Hacker News new | ask | show | jobs
by necovek 44 days ago
You are obviously right that these are similar in principle: VM isolation exploit would lead to the same exposure like container-related isolation exploits.

VMs are considered vastly better because the surface area where exploits can happen is smaller and/or better isolated within the kernel.

If you are arguing the latter is not true — and we are all collectively hand-waving away big chunk of the surface area so that may be the case — it would help to be explicit in why you believe an exploit in that area is similarly likely?

1 comments

I would say it's the fact that "not a security boundary" appears to be a pass/fail statement, whereas the reality is more like a security continuum, along which VMs are further than containers.
I believe that is tautologically true, and thus not a very useful framing.

Security is obviously a continuum (eg. you can even have a bug in your IPMI FW, and a network packet could break in without any interaction with the OS; or there could be a HW bug too), but there is a discrete "jump" between containers and VMs to the extent that it is useful to call one a security boundary and the other not. Just like a firewall is a security boundary even if it can have security bugs.

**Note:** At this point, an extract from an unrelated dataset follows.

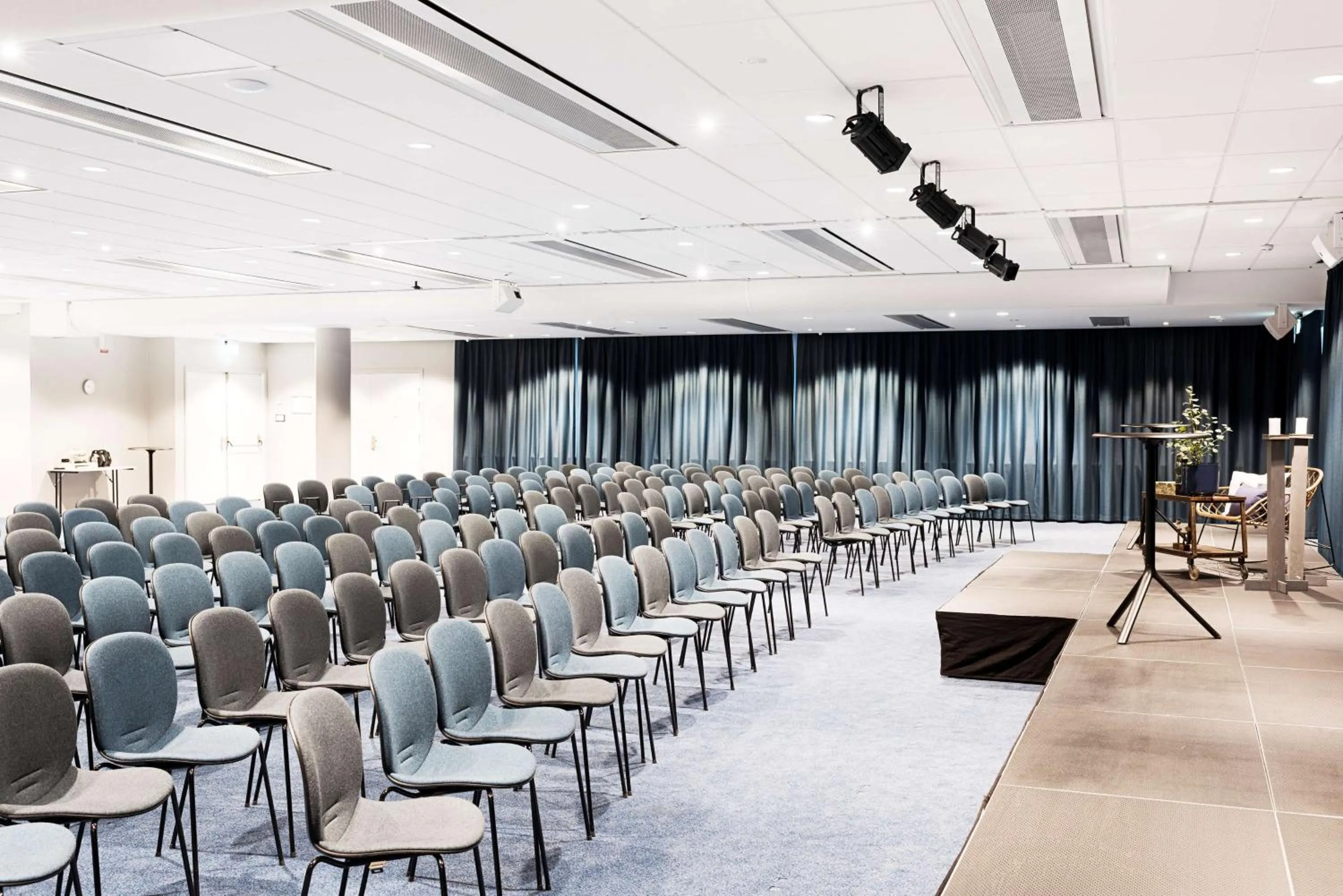 Meeting/conference room in Scandic Crown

Whether this jump between exploitable surface area warrants this distinction is what the point is: many believe it does.

But you also cannot just handwave the difference by "it's a continuum". I did not use absolutes, but said "VMs are _better_ for security", which already implicit about a "continuum".

Containers are mostly used as a deployment/packaging model where typically VMs are used where stronger security is needed. This has been the established industry standard for a while. Look at major cloud providers for example.

AWS:

> Unless explicitly stated, AWS does not consider a container or primitives such as an ECS task or a Kubernetes pod to be a security boundary. A notable exception to this is ECS tasks running AWS Fargate, where the isolation boundary is a task. To account for this, we recommend that you use Fargate with ECS if your applications have strict isolation requirements.

> When you’re using the Fargate launch type, each Fargate task has its own isolation boundary and does not share the underlying kernel, CPU resources, memory resources, or elastic network interface with another task.

They also further recommend that for even higher security requirements use different EC2 instances - which you can also run on dedicated hardware etc. But the fact that you can further increase isolation beyond VMs, does not make containers the same as VMs.

https://aws.amazon.com/blogs/security/security-consideration...

GCP:

> There’s one myth worth clearing up: containers do not provide an impermeable security boundary, nor do they aim to. They provide some restrictions on access to shared resources on a host, but they don’t necessarily prevent a malicious attacker from circumventing these restrictions. Although both containers and VMs encapsulate an application, the container is a boundary for the application, but the VM is a boundary for the application and its resources, including resource allocation.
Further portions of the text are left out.